- _PROBLEM TO SOLVE_: In the entries below, which lines run from the one containing "So, what is" to the one containing "This video will"? Copy exactly those lines, ends included, and no others.

- _SOURCE DATA_:
##############################

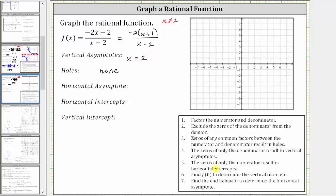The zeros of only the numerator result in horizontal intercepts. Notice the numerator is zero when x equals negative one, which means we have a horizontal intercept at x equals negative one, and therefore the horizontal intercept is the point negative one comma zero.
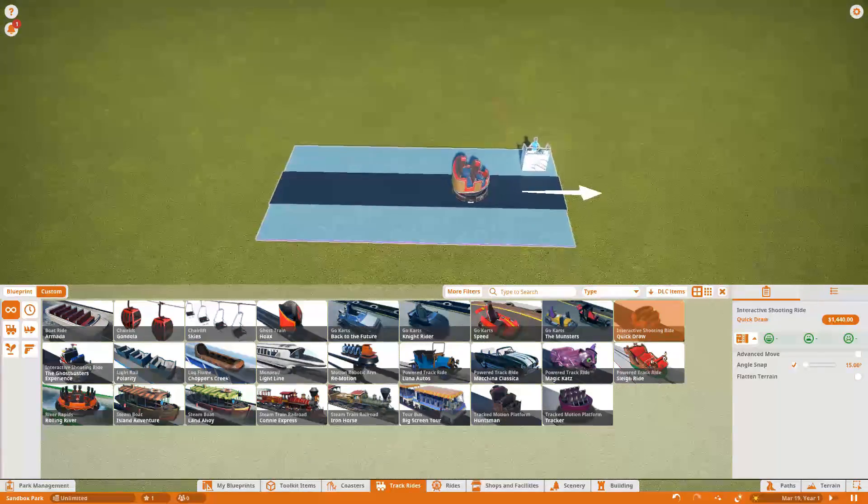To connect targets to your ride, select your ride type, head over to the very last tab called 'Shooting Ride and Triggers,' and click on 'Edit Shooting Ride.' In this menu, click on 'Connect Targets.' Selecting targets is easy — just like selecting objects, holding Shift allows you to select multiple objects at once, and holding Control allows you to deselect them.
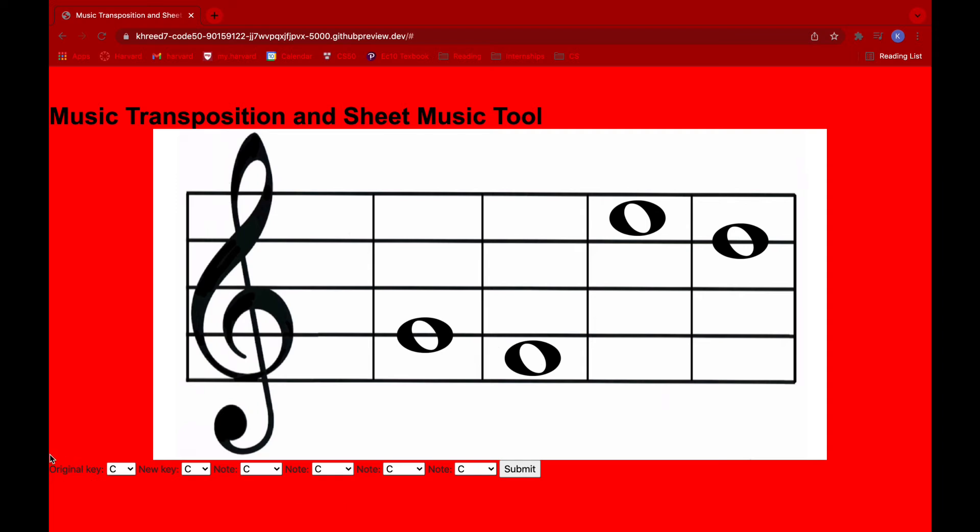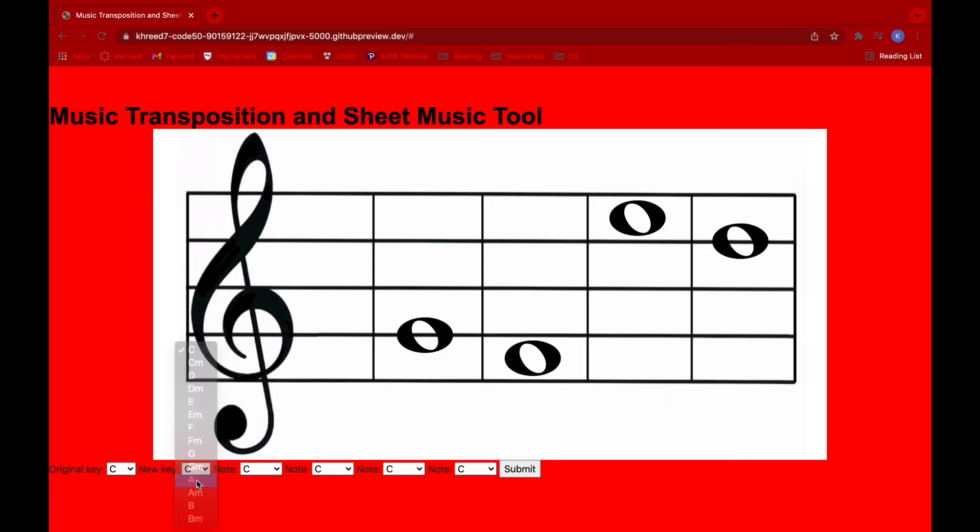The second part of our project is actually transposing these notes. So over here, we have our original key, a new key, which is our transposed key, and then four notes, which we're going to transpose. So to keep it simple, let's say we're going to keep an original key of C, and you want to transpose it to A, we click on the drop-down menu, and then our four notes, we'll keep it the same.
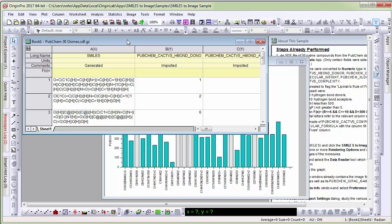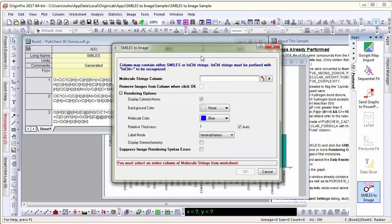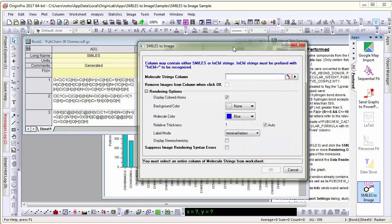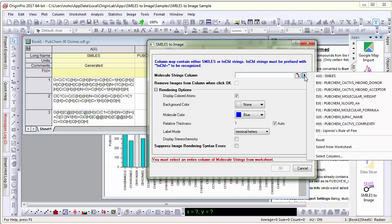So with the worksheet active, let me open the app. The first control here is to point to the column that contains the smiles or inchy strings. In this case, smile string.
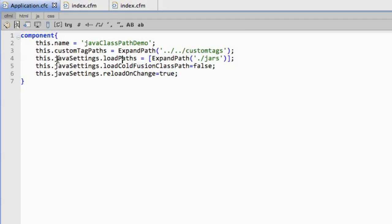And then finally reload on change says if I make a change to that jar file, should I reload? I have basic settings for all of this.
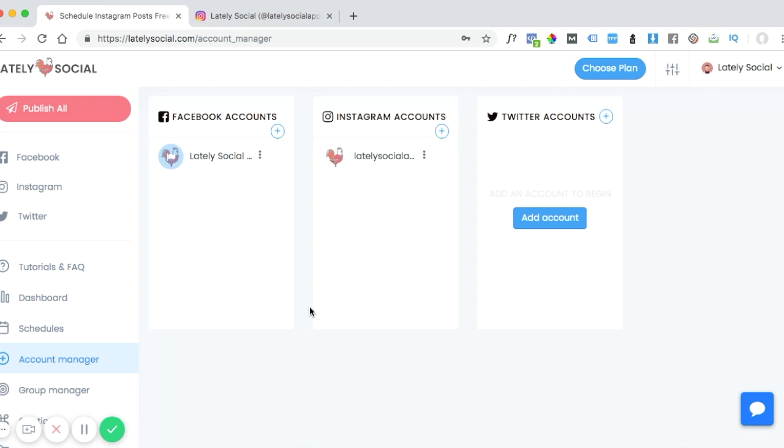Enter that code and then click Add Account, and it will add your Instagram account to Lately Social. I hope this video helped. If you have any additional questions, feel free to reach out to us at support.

##############################

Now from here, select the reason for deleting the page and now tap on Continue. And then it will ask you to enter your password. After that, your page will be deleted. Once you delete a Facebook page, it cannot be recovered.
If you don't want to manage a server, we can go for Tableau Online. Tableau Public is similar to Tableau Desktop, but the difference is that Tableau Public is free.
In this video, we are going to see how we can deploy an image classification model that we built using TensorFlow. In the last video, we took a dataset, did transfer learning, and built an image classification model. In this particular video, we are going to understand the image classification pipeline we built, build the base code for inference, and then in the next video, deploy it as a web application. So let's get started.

##############################

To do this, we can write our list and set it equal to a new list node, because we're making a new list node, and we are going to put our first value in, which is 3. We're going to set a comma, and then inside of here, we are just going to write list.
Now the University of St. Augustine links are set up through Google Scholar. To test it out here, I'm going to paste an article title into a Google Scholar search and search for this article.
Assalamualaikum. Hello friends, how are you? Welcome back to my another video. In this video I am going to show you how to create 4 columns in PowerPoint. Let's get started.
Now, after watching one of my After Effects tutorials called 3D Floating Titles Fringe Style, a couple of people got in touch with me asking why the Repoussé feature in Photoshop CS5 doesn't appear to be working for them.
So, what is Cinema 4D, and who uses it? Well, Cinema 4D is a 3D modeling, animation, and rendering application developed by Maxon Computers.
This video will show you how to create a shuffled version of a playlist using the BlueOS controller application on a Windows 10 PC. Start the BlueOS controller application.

##############################

- _YOUR RESPONSE_:
So, what is Cinema 4D, and who uses it? Well, Cinema 4D is a 3D modeling, animation, and rendering application developed by Maxon Computers.
This video will show you how to create a shuffled version of a playlist using the BlueOS controller application on a Windows 10 PC. Start the BlueOS controller application.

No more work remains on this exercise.